### EXERCISE DATA ###

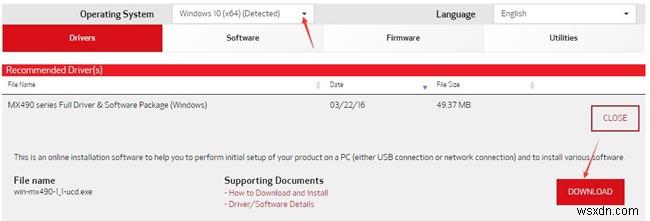 ดาวน์โหลดไดรเวอร์ Canon MX492 สำหรับ Windows 10, 8, 7 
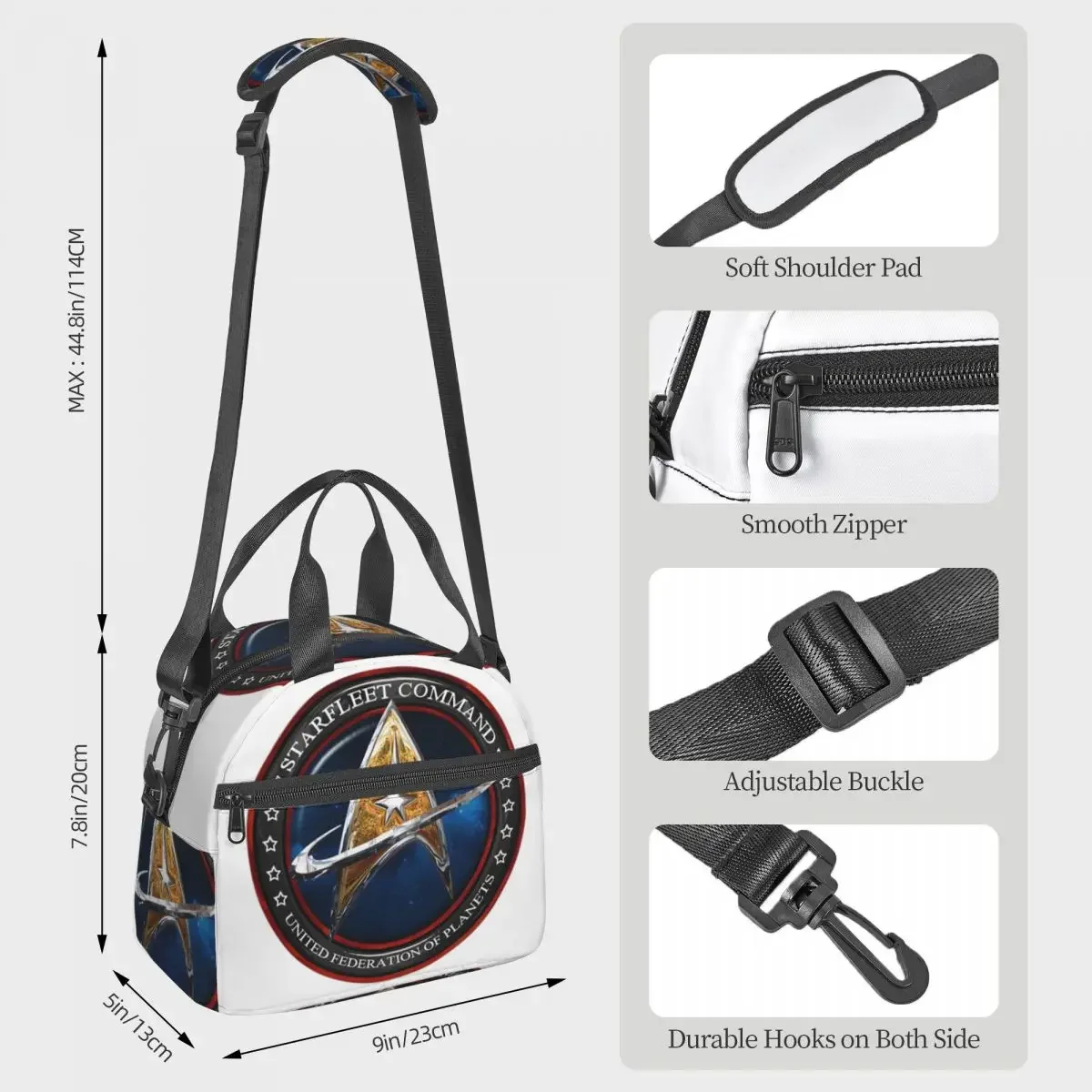 Star Treks Science Fiction TV Series Insulated Lunch Bag for Women Kids Leakproof Food Boxes Thermal Lunch Box Tote
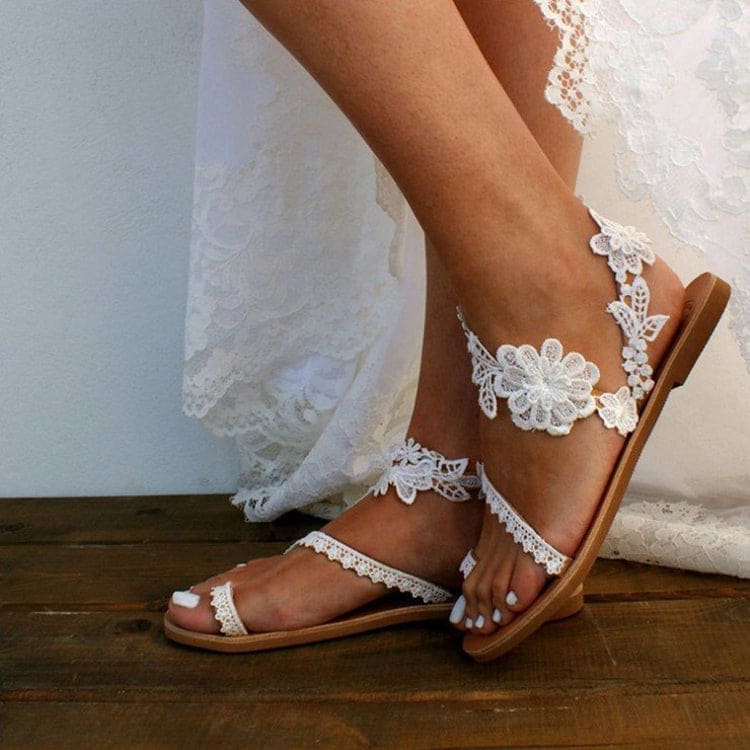 Lace Sandals Flowers Ankle Strap Shoes Bohemia Beach - On sale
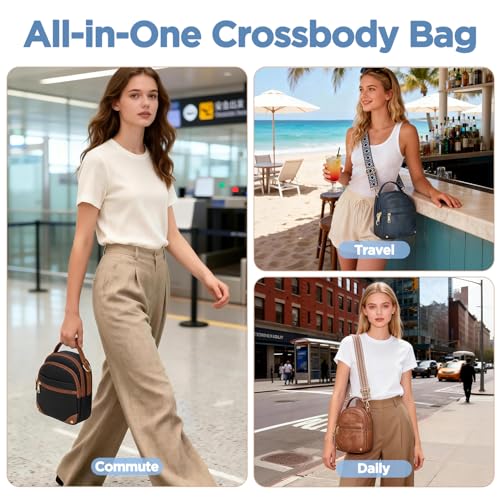 Anti Theft RFID Crossbody Bag for Women Small Travel Purse - Fiiuos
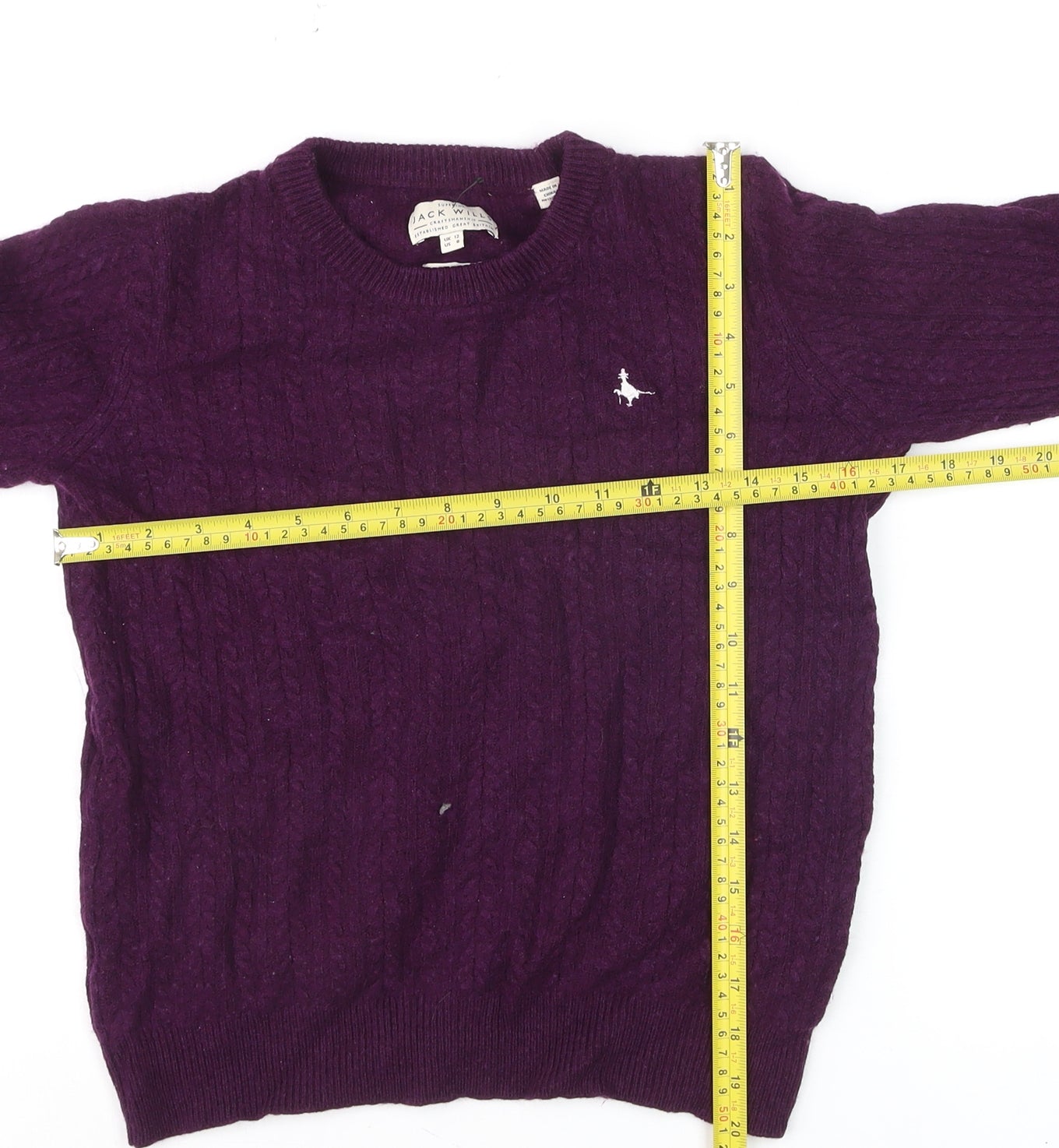 Jack Wills Women Purple Cable-Knit Merino Wool Jumper Size 12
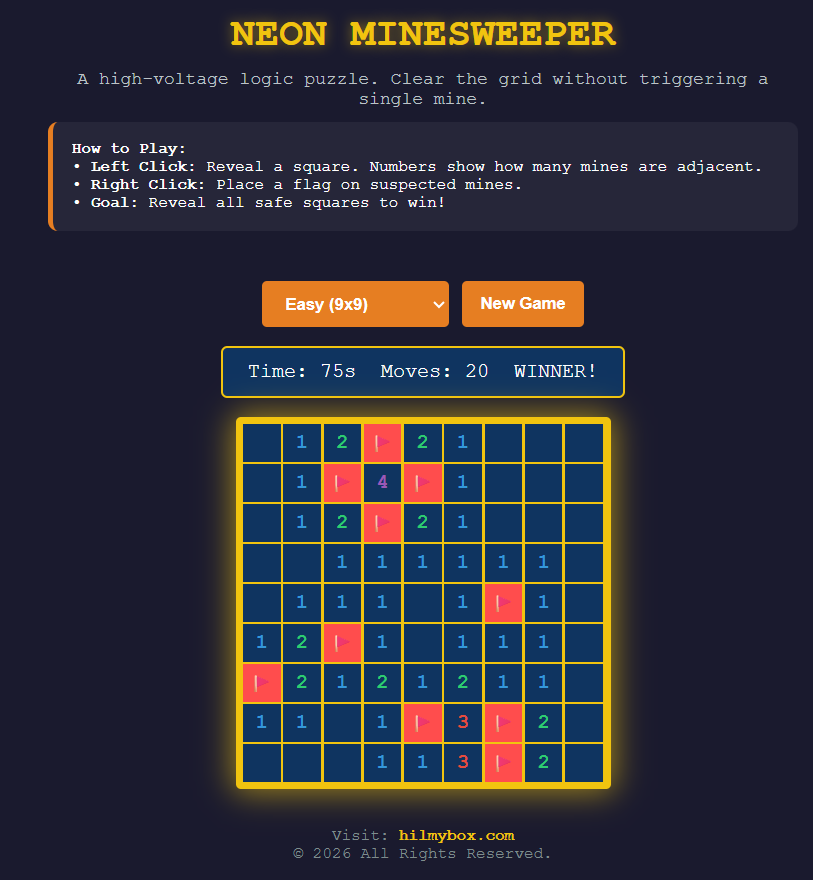 Neon Minesweeper: High-Voltage Strategy in Your Browser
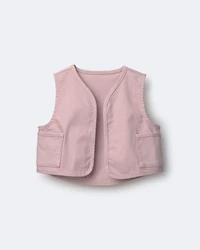 Toddler Girl Cropped Vest with Otter Pockets - Light Pink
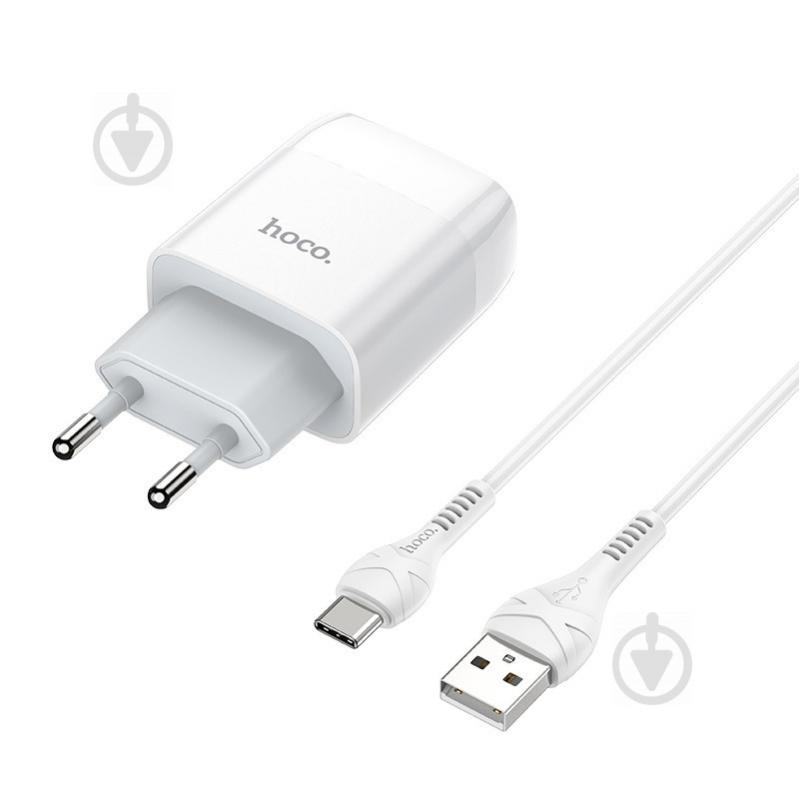 СЗУ HOCO C73A (2USB/2.4A) + Type-C (Белый) 900363 - фото 2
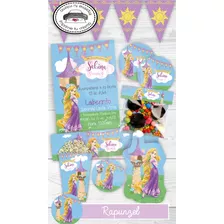 Kit Imprimible Rapunzel Invitacion Etiquetas Candy Bar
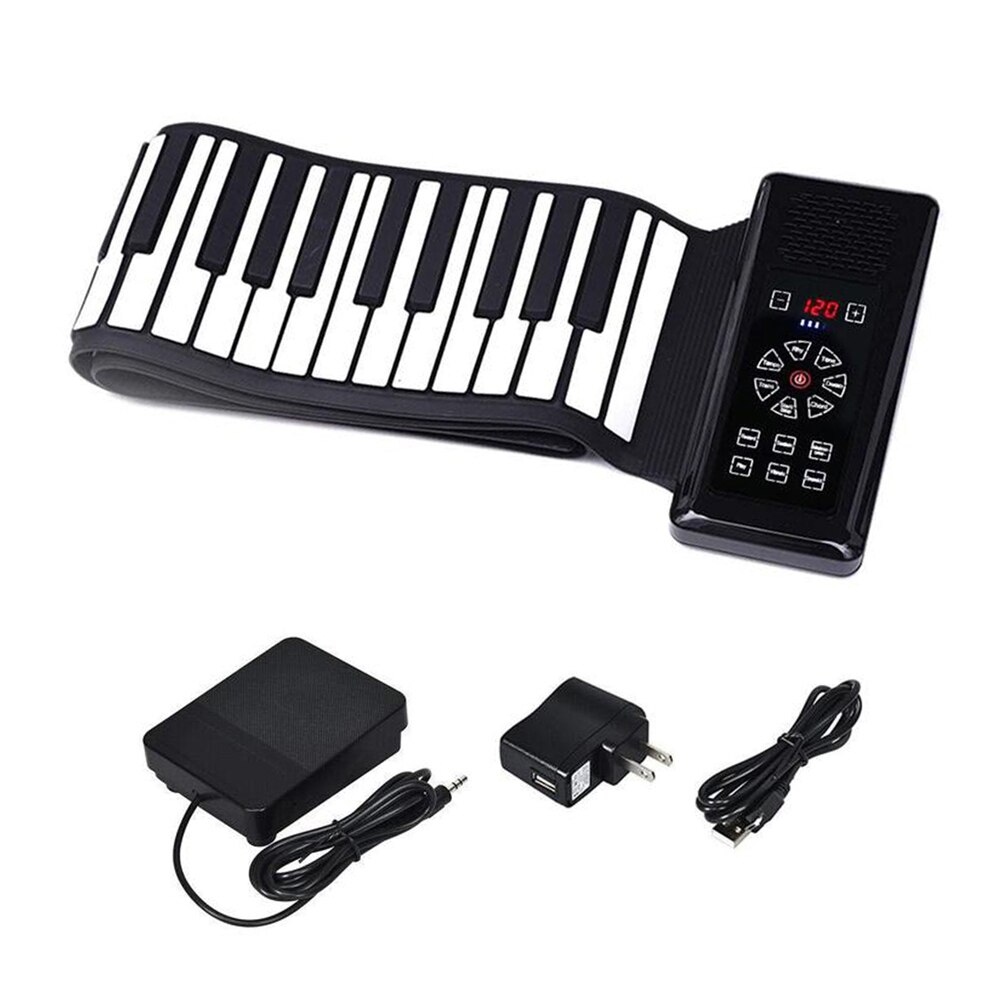 Portable 88 Keys Flexible Roll Up Piano Silicone Foldable Digital Keyboard Portable Foldable Soft Keyboard Electronic Piano: Black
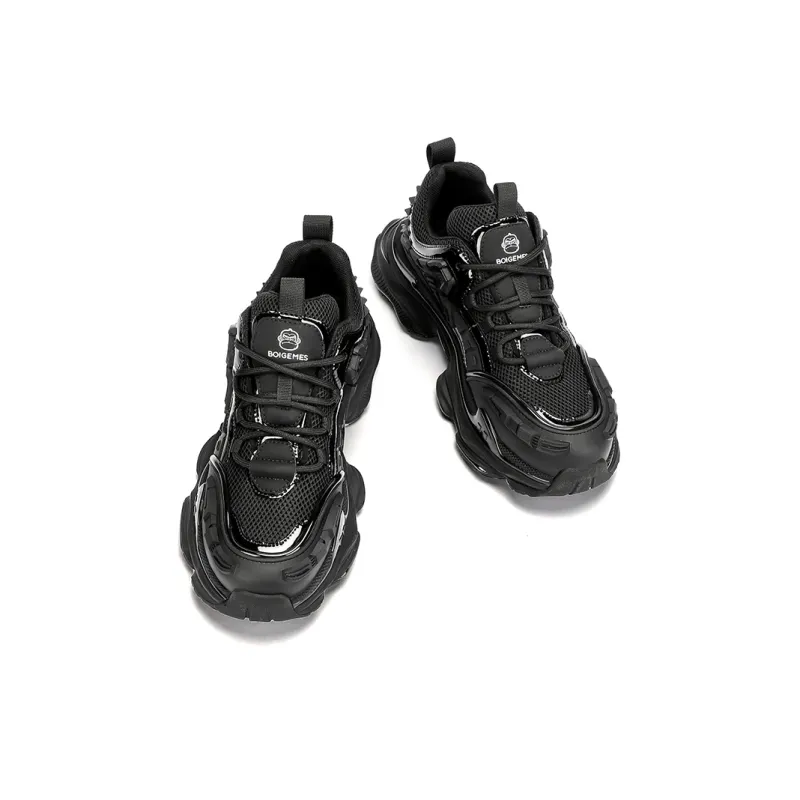 BOIGEMES Chunky Sneakers Men Low Top Black-12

###

#### [WORK ITEM]
Every entry must be retyped exactly, with the pictures removed.

#### [TASK RESULT]
 ดาวน์โหลดไดรเวอร์ Canon MX492 สำหรับ Windows 10, 8, 7 
 Star Treks Science Fiction TV Series Insulated Lunch Bag for Women Kids Leakproof Food Boxes Thermal Lunch Box Tote
 Lace Sandals Flowers Ankle Strap Shoes Bohemia Beach - On sale
 Anti Theft RFID Crossbody Bag for Women Small Travel Purse - Fiiuos
 Jack Wills Women Purple Cable-Knit Merino Wool Jumper Size 12
 Neon Minesweeper: High-Voltage Strategy in Your Browser
 Toddler Girl Cropped Vest with Otter Pockets - Light Pink
 СЗУ HOCO C73A (2USB/2.4A) + Type-C (Белый) 900363 - фото 2
 Kit Imprimible Rapunzel Invitacion Etiquetas Candy Bar
 Portable 88 Keys Flexible Roll Up Piano Silicone Foldable Digital Keyboard Portable Foldable Soft Keyboard Electronic Piano: Black
 BOIGEMES Chunky Sneakers Men Low Top Black-12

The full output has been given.